Gianrico Tedeschi (20 April 1920 – 27 July 2020) was an Italian actor and voice actor.

Life and career
Born in Milan in April 1920, Tedeschi got a degree in pedagogy before enrolling at the Silvio D'Amico National Academy of Dramatic Art, which he abandoned after two years to make his professional debut with the Evi Maltagliati-Salvo Randone-Tino Carraro stage company. In the late 1940s he entered the Andreina Pagnani-Gino Cervi theatrical company, with whom he got his first personal success for his performance in the comedy play Quel signore che venne a pranzo.

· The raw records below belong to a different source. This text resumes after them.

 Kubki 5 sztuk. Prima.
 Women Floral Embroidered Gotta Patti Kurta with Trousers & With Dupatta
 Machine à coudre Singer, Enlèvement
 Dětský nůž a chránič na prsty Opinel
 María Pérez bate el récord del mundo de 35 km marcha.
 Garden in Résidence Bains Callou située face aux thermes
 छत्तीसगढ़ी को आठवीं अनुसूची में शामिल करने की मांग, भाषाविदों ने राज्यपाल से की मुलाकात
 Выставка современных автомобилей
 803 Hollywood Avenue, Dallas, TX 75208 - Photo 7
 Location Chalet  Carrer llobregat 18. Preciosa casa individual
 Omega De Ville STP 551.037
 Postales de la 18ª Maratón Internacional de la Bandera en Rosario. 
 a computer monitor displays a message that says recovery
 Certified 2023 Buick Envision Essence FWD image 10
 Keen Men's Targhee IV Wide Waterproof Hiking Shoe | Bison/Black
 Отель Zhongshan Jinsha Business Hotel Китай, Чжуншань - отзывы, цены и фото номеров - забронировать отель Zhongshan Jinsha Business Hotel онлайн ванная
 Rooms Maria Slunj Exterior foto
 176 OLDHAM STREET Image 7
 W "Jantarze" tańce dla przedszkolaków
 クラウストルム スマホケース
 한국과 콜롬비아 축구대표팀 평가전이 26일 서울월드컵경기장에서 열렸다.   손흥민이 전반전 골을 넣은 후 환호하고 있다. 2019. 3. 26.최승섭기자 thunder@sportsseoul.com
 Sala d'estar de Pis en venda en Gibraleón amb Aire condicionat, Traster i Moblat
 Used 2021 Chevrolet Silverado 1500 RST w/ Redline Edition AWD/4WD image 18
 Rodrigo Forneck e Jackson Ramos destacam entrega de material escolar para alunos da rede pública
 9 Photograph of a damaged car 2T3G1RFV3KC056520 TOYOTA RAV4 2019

He later worked intensively with Luchino Visconti and with the Piccolo Teatro directed by Giorgio Strehler. He also toured in the United States, the Soviet Union, Paris and London.

In his variegated career, Tedeschi was very active as a voice actor, a dubber and a radio personality, and starting from the early 1950s he appeared in numerous films and TV series, even if often playing supporting roles. He appeared in 50 films between 1943 and 2013.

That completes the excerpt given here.